Exercise prompt => Say how many of the lines below contain the word "Indonesia"; nothing else belongs in the answer.

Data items

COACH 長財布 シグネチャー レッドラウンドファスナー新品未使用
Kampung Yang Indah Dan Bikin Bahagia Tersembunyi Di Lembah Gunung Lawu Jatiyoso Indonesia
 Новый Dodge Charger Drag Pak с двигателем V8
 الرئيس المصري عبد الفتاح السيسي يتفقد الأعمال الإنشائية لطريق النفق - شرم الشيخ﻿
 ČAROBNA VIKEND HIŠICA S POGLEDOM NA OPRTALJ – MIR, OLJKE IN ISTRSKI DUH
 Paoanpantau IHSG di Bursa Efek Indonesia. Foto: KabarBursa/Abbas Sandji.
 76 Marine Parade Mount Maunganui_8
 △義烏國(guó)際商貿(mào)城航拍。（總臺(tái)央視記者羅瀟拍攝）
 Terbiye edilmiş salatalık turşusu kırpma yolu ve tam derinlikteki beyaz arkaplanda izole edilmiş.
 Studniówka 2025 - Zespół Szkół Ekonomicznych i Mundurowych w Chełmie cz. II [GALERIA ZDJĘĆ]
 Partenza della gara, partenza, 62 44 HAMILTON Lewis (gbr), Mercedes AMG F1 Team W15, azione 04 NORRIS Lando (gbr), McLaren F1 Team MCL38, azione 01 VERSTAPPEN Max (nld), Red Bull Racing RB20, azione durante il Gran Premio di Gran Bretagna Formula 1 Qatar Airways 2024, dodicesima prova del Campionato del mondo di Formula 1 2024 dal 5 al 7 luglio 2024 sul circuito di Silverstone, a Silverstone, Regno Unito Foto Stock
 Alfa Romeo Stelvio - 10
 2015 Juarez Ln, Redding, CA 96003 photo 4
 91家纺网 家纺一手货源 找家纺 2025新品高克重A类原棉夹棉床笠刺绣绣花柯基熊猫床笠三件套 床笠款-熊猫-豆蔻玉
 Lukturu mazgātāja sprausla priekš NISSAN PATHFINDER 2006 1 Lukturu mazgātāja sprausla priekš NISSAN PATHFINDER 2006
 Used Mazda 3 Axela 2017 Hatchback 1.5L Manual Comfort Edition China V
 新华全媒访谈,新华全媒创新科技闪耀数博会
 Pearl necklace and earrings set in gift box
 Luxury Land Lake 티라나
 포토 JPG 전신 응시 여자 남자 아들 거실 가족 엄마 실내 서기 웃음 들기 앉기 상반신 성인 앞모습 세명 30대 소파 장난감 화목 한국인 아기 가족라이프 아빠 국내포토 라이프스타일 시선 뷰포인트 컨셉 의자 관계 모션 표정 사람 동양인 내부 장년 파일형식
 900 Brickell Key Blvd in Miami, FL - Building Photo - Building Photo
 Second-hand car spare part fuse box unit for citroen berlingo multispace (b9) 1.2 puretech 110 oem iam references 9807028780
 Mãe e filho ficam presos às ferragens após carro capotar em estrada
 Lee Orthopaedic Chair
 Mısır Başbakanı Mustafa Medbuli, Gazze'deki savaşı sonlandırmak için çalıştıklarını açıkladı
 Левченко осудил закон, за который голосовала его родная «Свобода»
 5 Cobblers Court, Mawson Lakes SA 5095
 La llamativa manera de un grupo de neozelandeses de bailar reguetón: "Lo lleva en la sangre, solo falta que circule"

Exercise solution => 2